Work to complete: Your job is to give again, exactly and with no additions, the lines in the records below from the one with "クリスマスリースのイラスト_横3" through the one with "Dames Faux Fur", both included. Omit the pictures.

Material shown:
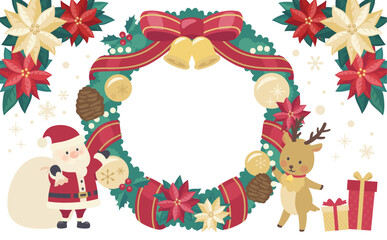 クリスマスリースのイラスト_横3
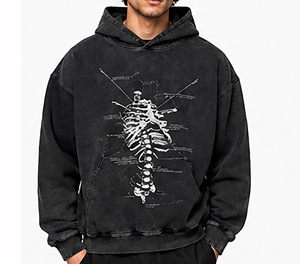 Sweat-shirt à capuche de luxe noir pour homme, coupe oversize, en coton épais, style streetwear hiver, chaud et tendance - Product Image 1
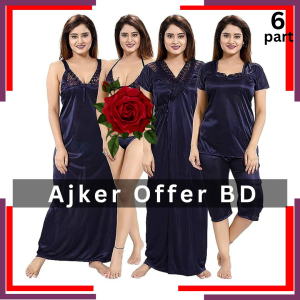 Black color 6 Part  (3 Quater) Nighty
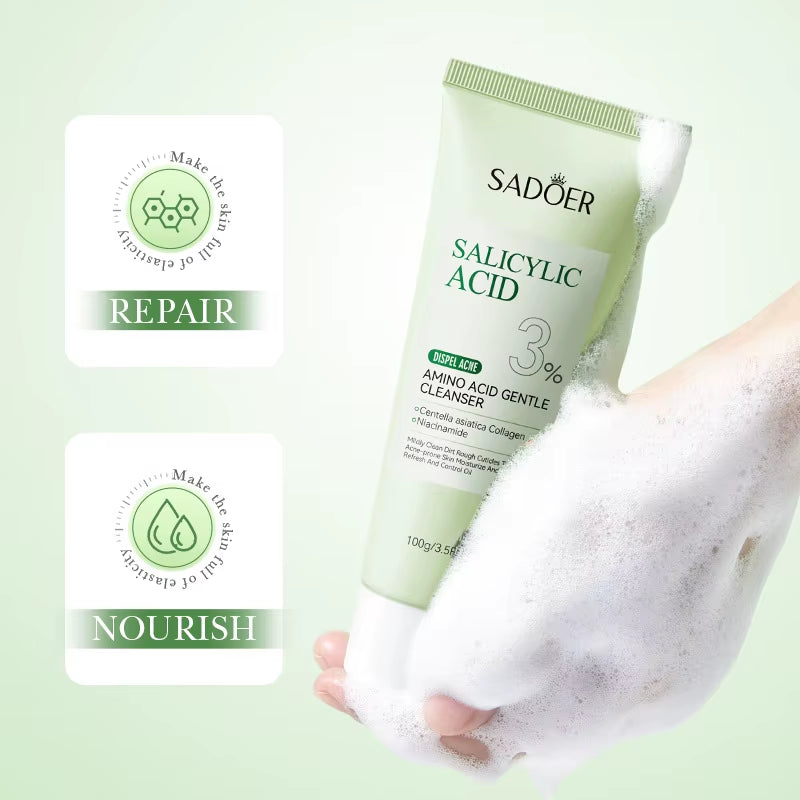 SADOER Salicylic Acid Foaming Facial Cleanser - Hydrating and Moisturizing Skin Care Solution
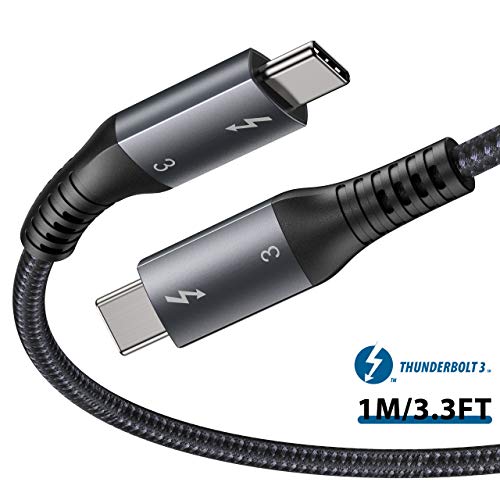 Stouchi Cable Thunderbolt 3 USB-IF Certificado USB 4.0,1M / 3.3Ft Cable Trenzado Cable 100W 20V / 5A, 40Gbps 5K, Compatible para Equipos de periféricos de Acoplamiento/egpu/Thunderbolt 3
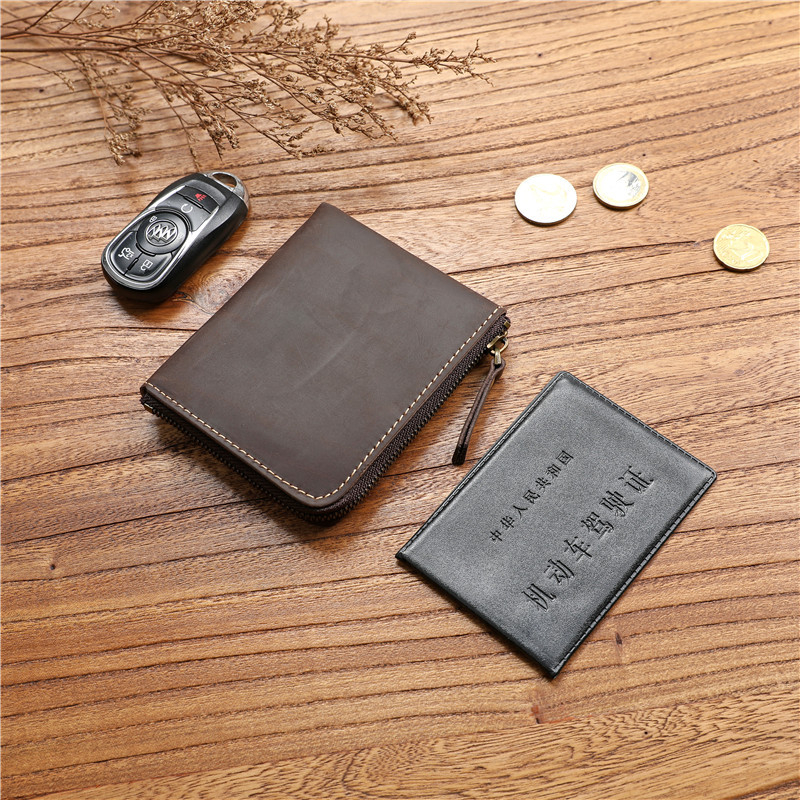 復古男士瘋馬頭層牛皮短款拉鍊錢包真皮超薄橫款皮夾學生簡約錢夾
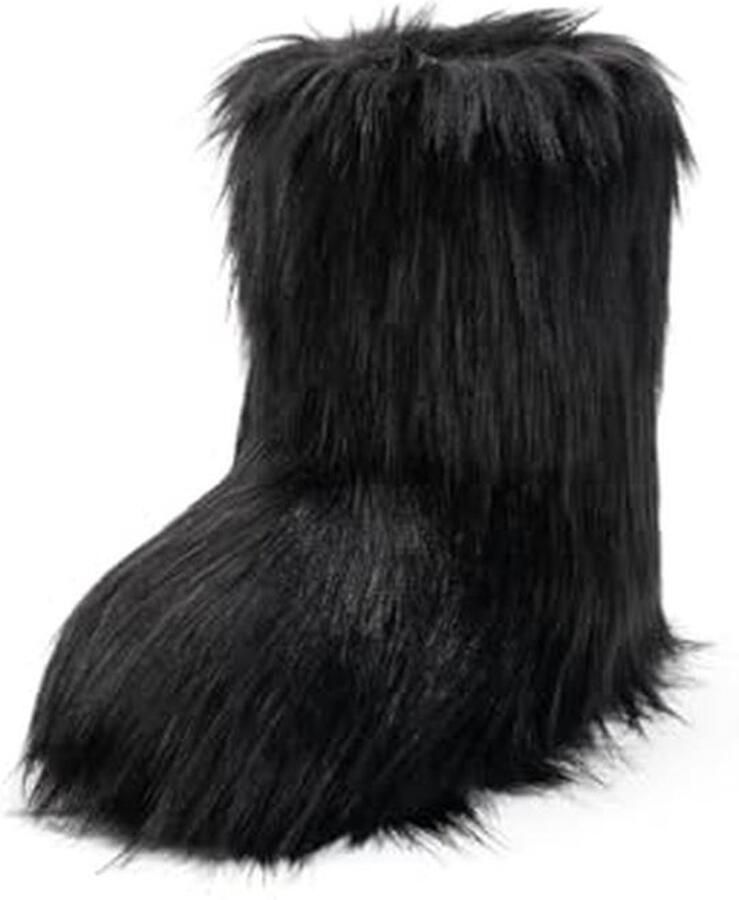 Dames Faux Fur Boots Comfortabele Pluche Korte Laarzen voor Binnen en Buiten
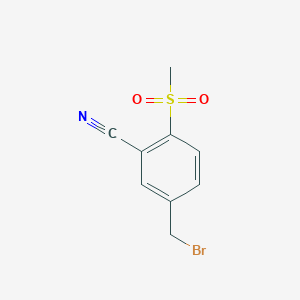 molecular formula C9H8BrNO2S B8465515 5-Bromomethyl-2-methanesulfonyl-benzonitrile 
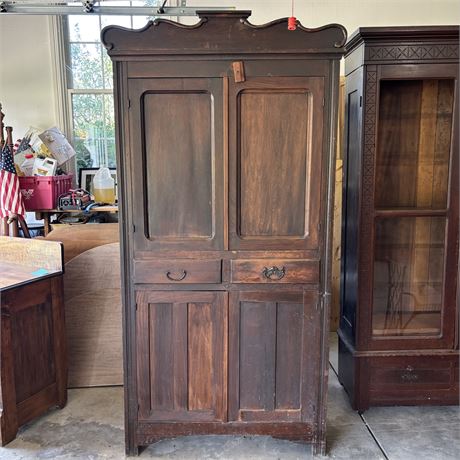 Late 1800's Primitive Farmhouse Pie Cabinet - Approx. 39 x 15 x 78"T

--

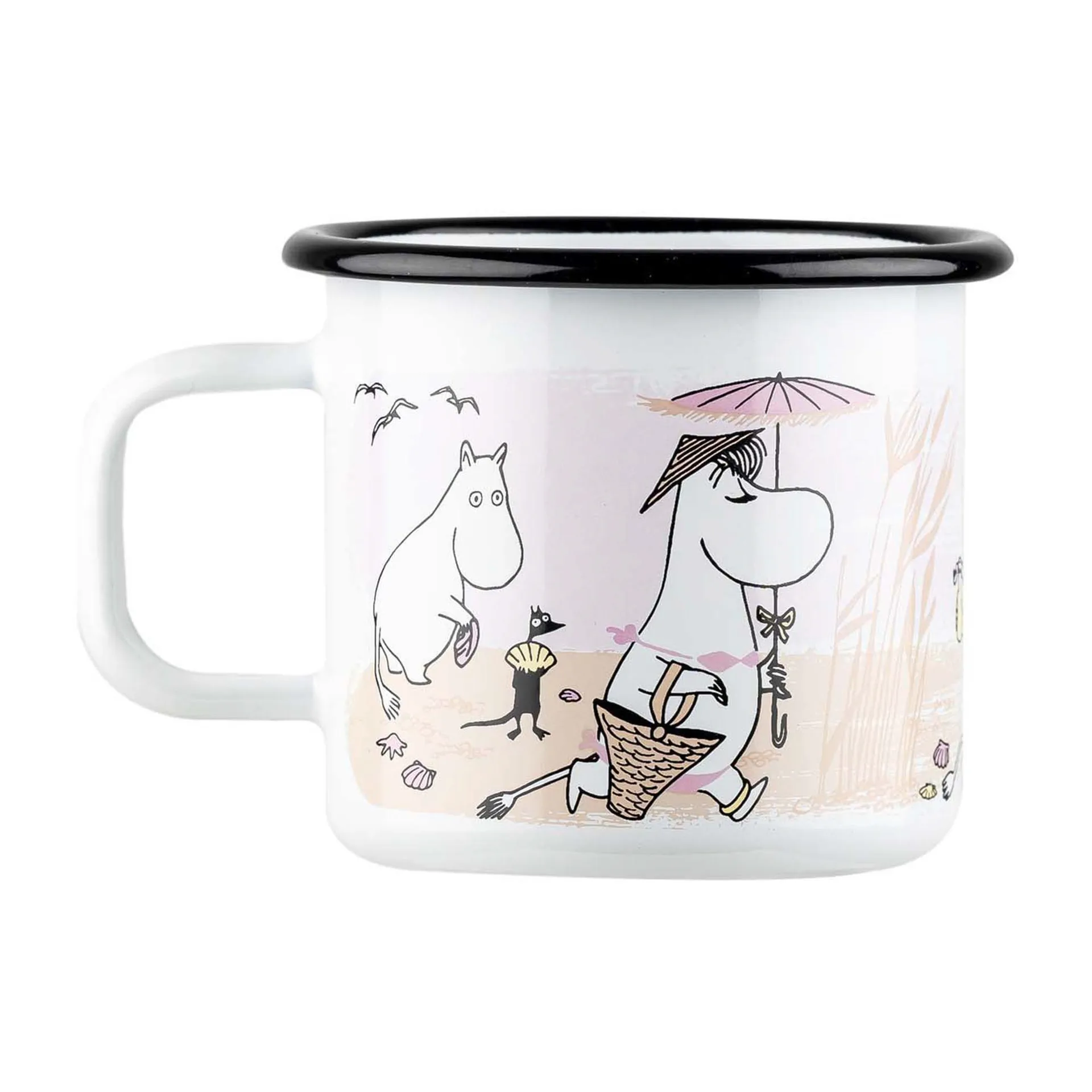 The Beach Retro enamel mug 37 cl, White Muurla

==

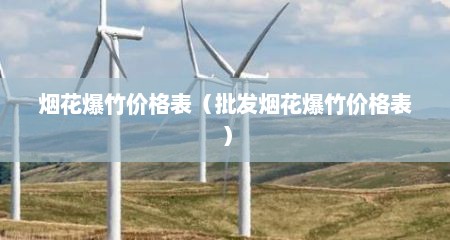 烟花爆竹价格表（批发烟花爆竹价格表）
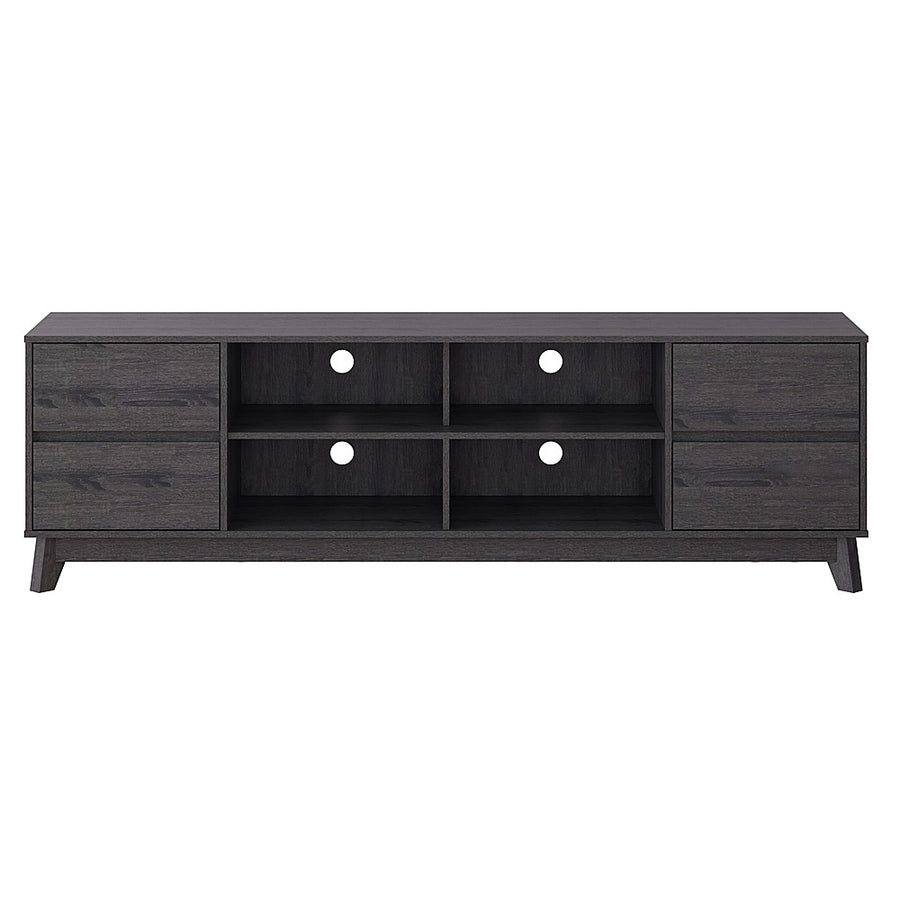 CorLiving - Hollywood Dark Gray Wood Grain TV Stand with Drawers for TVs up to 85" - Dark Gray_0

Exercise answer:
 クリスマスリースのイラスト_横3
 Sweat-shirt à capuche de luxe noir pour homme, coupe oversize, en coton épais, style streetwear hiver, chaud et tendance - Product Image 1
 Black color 6 Part  (3 Quater) Nighty
 SADOER Salicylic Acid Foaming Facial Cleanser - Hydrating and Moisturizing Skin Care Solution
 Stouchi Cable Thunderbolt 3 USB-IF Certificado USB 4.0,1M / 3.3Ft Cable Trenzado Cable 100W 20V / 5A, 40Gbps 5K, Compatible para Equipos de periféricos de Acoplamiento/egpu/Thunderbolt 3
 復古男士瘋馬頭層牛皮短款拉鍊錢包真皮超薄橫款皮夾學生簡約錢夾
 Dames Faux Fur Boots Comfortabele Pluche Korte Laarzen voor Binnen en Buiten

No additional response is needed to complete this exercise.